**GOAL OF THE EXERCISE**
Each line below needs to be repeated precisely as it is.

**DATA**
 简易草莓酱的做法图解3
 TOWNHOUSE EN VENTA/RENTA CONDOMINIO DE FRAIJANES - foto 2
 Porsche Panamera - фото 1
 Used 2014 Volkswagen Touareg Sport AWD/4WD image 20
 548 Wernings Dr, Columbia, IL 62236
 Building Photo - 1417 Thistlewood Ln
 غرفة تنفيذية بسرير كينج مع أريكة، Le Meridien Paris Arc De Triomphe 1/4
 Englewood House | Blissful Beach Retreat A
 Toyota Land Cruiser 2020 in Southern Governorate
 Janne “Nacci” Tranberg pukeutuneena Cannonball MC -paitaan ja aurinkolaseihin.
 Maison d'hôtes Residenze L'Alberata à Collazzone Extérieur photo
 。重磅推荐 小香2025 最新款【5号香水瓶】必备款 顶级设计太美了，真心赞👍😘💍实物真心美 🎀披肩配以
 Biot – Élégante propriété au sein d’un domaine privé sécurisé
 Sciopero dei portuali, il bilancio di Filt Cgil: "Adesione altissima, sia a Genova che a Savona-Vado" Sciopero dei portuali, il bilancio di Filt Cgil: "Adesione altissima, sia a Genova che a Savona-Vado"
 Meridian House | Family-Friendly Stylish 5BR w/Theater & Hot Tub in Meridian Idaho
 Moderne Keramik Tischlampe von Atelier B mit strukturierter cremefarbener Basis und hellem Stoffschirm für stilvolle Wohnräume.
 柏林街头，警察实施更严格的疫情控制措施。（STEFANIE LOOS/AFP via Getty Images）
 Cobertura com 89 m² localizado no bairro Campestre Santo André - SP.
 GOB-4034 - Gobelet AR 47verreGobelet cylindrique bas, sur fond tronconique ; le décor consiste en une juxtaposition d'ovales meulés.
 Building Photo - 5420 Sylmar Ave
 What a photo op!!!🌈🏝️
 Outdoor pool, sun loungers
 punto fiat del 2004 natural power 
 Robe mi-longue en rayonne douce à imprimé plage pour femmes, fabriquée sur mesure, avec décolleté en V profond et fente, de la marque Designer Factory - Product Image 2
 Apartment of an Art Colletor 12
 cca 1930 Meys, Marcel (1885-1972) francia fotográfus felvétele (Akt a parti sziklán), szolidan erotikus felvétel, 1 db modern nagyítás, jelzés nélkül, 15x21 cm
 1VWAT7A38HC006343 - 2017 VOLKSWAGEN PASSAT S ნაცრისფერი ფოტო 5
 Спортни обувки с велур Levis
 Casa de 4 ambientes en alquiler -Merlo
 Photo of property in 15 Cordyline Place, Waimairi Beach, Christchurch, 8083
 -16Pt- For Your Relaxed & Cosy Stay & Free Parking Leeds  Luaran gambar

**WRITTEN ANSWER**
 简易草莓酱的做法图解3
 TOWNHOUSE EN VENTA/RENTA CONDOMINIO DE FRAIJANES - foto 2
 Porsche Panamera - фото 1
 Used 2014 Volkswagen Touareg Sport AWD/4WD image 20
 548 Wernings Dr, Columbia, IL 62236
 Building Photo - 1417 Thistlewood Ln
 غرفة تنفيذية بسرير كينج مع أريكة، Le Meridien Paris Arc De Triomphe 1/4
 Englewood House | Blissful Beach Retreat A
 Toyota Land Cruiser 2020 in Southern Governorate
 Janne “Nacci” Tranberg pukeutuneena Cannonball MC -paitaan ja aurinkolaseihin.
 Maison d'hôtes Residenze L'Alberata à Collazzone Extérieur photo
 。重磅推荐 小香2025 最新款【5号香水瓶】必备款 顶级设计太美了，真心赞👍😘💍实物真心美 🎀披肩配以
 Biot – Élégante propriété au sein d’un domaine privé sécurisé
 Sciopero dei portuali, il bilancio di Filt Cgil: "Adesione altissima, sia a Genova che a Savona-Vado" Sciopero dei portuali, il bilancio di Filt Cgil: "Adesione altissima, sia a Genova che a Savona-Vado"
 Meridian House | Family-Friendly Stylish 5BR w/Theater & Hot Tub in Meridian Idaho
 Moderne Keramik Tischlampe von Atelier B mit strukturierter cremefarbener Basis und hellem Stoffschirm für stilvolle Wohnräume.
 柏林街头，警察实施更严格的疫情控制措施。（STEFANIE LOOS/AFP via Getty Images）
 Cobertura com 89 m² localizado no bairro Campestre Santo André - SP.
 GOB-4034 - Gobelet AR 47verreGobelet cylindrique bas, sur fond tronconique ; le décor consiste en une juxtaposition d'ovales meulés.
 Building Photo - 5420 Sylmar Ave
 What a photo op!!!🌈🏝️
 Outdoor pool, sun loungers
 punto fiat del 2004 natural power 
 Robe mi-longue en rayonne douce à imprimé plage pour femmes, fabriquée sur mesure, avec décolleté en V profond et fente, de la marque Designer Factory - Product Image 2
 Apartment of an Art Colletor 12
 cca 1930 Meys, Marcel (1885-1972) francia fotográfus felvétele (Akt a parti sziklán), szolidan erotikus felvétel, 1 db modern nagyítás, jelzés nélkül, 15x21 cm
 1VWAT7A38HC006343 - 2017 VOLKSWAGEN PASSAT S ნაცრისფერი ფოტო 5
 Спортни обувки с велур Levis
 Casa de 4 ambientes en alquiler -Merlo
 Photo of property in 15 Cordyline Place, Waimairi Beach, Christchurch, 8083
 -16Pt- For Your Relaxed & Cosy Stay & Free Parking Leeds  Luaran gambar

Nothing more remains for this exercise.